世界のむかし話 ロシア/田中泰子・訳/ほるぷ出版/1988年
ロシアの昔話にはかかせないバーバー・ヤガー。
この話でも、バーバ・ヤガーの小屋はニワトリノ足とヒツジの角の上にたっています。
ここにでかけていったのは、まま母から針と糸をもらってくるようにいわれた娘。バーバー・ヤガーはまま母の妹です。
あわや食べられそうになった娘が、バーバー・ヤガーのところで、働いている下働きの女、ネコ、イヌなどから助けられます。
ネコはテーブルの上にあるタオルと櫛をもって逃げるようにいいます。櫛を投げると深い森が現れ、タオルをなげると深い川があらわれるとおしえてくれます。
「三枚のお札」と同様、娘がバーバー・ヤガーのところから逃げ出し、追いつ追われつします。バーバー・ヤガーは、臼を杵でたたきながら、もう一方の手に持った箒で後を消しながらとんでいきます。
娘は、布を織っていたのですが、織るのをネコに任せて逃げ出します。バーバ・ヤガーに「なぜ娘をにがした!」とどなられたネコは、「あんたはかじりかけの骨だってくれたことがないじゃないか! あのむすめは肉をくれたんだよ」とこたえます。
バーバ・ヤガーに「なぜ娘にかみつかなかったんだ!」とどなられたイヌは、「あんたは こげたパンの皮もくれなかったじゃないか! あのむすめはパンをくれたんだよ」とこたえます。
さらに、バーバ・ヤガーに「なぜ門をとじなかったんだ!」とどなられた門は、「もうなんねんも あんたの家ではたらいているのに、あんたは水いっぱいだってかけてくれとことがないじゃないか。

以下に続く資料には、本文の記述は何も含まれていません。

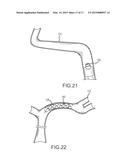 ENDOVASCULAR DEVICE ENGAGEMENT diagram and image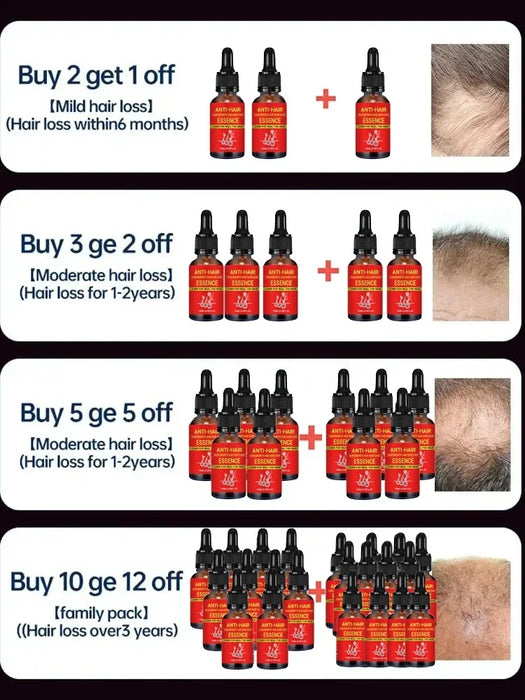 Fast Hair Growth Hair Growth Oil Effective Baldness Repair Hereditary Loss Postpartum  Loss Seborrheic Hair Anti Loss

あの娘は油をかけてくれたんだぜ」とこたえます。
シラカバも下働きの女も、バーバー・ヤガーのしうちをうらんで、娘をたすけてくれていたのです。
娘は、櫛で森を、タオルで川を出現させ、なんとか家に戻ります。
これを聞いた父親は、はらぐろいおかみさんを家から追い出してしまいます。
バーバー・ヤガーは、森や川だけでなく、いわば自分の身内?からも 見放されていました。